Несомненно, больше всего зависти вызывали фискальные привилегии, самые ценные для ганзейцев. Они требовали – и получали во всех странах – значительное сокращение
таможенных пошлин, фиксированную сумму сборов, которые им приходилось платить – как в тарифе, предоставленном в 1252 г. графиней Фландрии, – а также гарантии того, что пошлины не будут расти и они не будут облагаться новыми налогами и сборами. Такое требование было почти эквивалентно ограничению власти зарубежного правителя в денежных делах. Вполне понятно, что подобные привилегии предоставлялись с большой неохотой. Например, в 1347 г., когда Эдуард III поднял экспортный налог на английское сукно, ганзейцы отказались его платить, ссылаясь на свои привилегии; и король в конце концов согласился, что они правы. 25 лет спустя возникли новые разногласия. Ганзейцы снова отказались платить «субсидии», требуемые королевской властью. Положение усугубила смерть Эдуарда III, которая случилась в очень удобное для Ганзы время. Споры из-за налогообложения отравляли англо-ганзейские отношения весь XV в. Надо сказать, что фискальные привилегии, которыми ганзейцы пользовались в Англии, отличались особенной щедростью. На определенные товары ганзейцы платили пошлин меньше, чем сами англичане. Например, за отрез беленого сукна ганзеец платил 12 пенсов, англичанин – 14, а некоторые иностранцы – 31 пенс.

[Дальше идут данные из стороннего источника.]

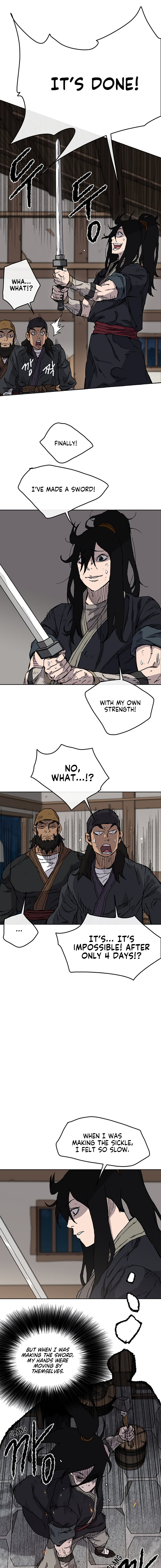 The Undefeatable Swordsman Chapter 11 58 3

Еще одной особой привилегией, на которую претендовали ганзейцы, было право реэкспорта непроданных товаров без повторной уплаты пошлины. Судя по некоторым документам, иногда этой привилегией пренебрегали, но ганзейцы строго следили за ее исполнением. В 1385 г., когда богатый Дортмунд – ский купец Кристиан Келмер посмел повторно заплатить несколько шиллингов пошлины, вывозя из Англии партию непроданных мехов, лондонская контора сразу же исключила его из Ганзы
[28].
Немцам предоставляли и другие преимущества, которые способствовали расширению их торговли: право иметь собственную весовую – правда, в Брюгге они отказались от такой привилегии из-за высокой цены; право поверять меры и вес при помощи официально оцененных стандартов, предоставляемых им властями; право иметь точный тариф платы грузчикам, брокерам и за использование городского подъемного крана; проводить разгрузку и погрузку судов ночью и т. д. Насколько их претензии могли быть непомерными, ясно по тому, что в 1339 г. они пытались снять цепь, которой на ночь перегораживали гавань Слёйса, чтобы их корабли могли в любое время беспрепятственно заходить в порт. Филипп Смелый, в приступе ярости, сначала объявил, что просьба эта нечестная и ничем не обоснованная. Но вскоре согласился, чтобы начальник порта убирал цепь на ночь – бесплатно – по просьбе ганзейского корабля.